Vol.27: 二題話し 月例経済報告・金融政策決定会合2019年7月と日韓


夏休み月であること、最近月2回を上回る執筆ペースが続き少し貯金ができたことから、今月は今回1回限りの執筆にします。旧CRUのひとり言の際は、時々「三題話し」と題して、一回で3つの短いテーマを取り上げました。今回はひとつ足りない二題話し。一題目は、恒例の内閣府月例経済報告と日銀金融政策決定会合の紹介。二題目は日韓関係について感想を記そうと思います。

月例経済報告は7月23日、金融政策決定会合は30日に公表されました。
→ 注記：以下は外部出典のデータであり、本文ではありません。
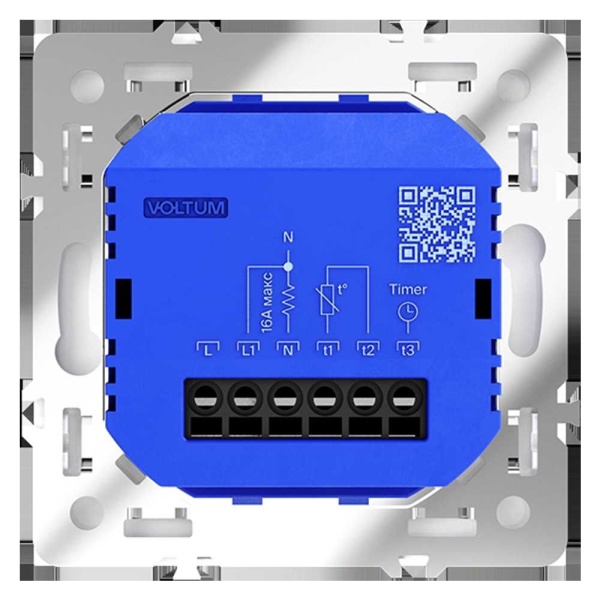 Терморегулятор электронный Voltum S70 с индикацией и датчиком, для теплого пола, (белый глянцевый) VLS070101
日銀の決定会合は年8回開かれますが、うち4回(1、4、7、10月)は経済・物価情勢の展望(通称「展望レポート」)も併せて公表され、日銀の政策を決定する政策委員会メンバーの経済成長率や物価上昇率の見通しが、具体的な数字で示されます。

まずはその紹介から。

(現状)
全体:輸出を中心に弱さが続いているものの、緩やかに回復している(内閣府)輸出・生産や企業マインド面に海外経済の減速の影響がみられるものの、所得から支出への前向きの循環メカニズムが働くもとで、基調としては緩やかに拡大している(日銀)
個人消費:持ち直している(内閣府)緩やかに増加しており、一部では前回増税時よりも小幅ながら消費税率引き上げ前の需要増もみられ始めている(日銀)
設備投資:このところ機械投資に弱さもみられるが、緩やかな増加傾向にある(内閣府)増加傾向を続けている(日銀)
住宅建設(投資):おおむね横ばいとなっている(内閣府)横ばい圏内で推移している(日銀)
公共投資:底堅い動きとなっている(内閣府)横ばい圏内で推移している(日銀)
輸出:弱含んでいる(内閣府)弱めの動きとなっている(日銀)
輸入:おおむね横ばいとなっている(内閣府)記述無し(日銀)

(先行き)
全体:当面、弱さが残るものの、雇用・所得環境の改善が続くなかで、各種政策の効果もあって、緩やかな回復が続くことが期待される。ただし、通商問題の動向が世界経済に与える影響に一層注意するとともに、中国経済の先行き、海外経済の動向と政策に関する不確実性、金融資本市場の変動の影響に留意する必要がある(内閣府)当面、海外経済の減速の影響を受けるものの、拡大基調が続くとみられる(日銀)
個人消費:持ち直しが続くことが期待される(内閣府)緩やかな増加傾向をたどるとみられる(日銀)
設備投資:緩やかに増加していくことが期待される(内閣府)緩やかに増加していくと予想される(日銀)
住宅建設(投資):当面、横ばいで推移していくと見込まれる(内閣府)記述無し(日銀)
公共投資:関連予算の執行により、底堅く推移することが見込まれる(内閣府)高めの水準を維持すると予想している(日銀)
輸出:持ち直していくことが期待される(内閣府)緩やかな増加基調に復していくと見込まれる(日銀)
輸入:持ち直していくことが期待される(内閣府)記述無し(日銀)

内閣府は、現状評価の全体のところで、先月「輸出や生産の弱さが続いている」としていた部分が、「輸出を中心に弱さが続いている」と修正されました。生産がこのところ弱含みから横ばいへ少し改善してきたことが理由です。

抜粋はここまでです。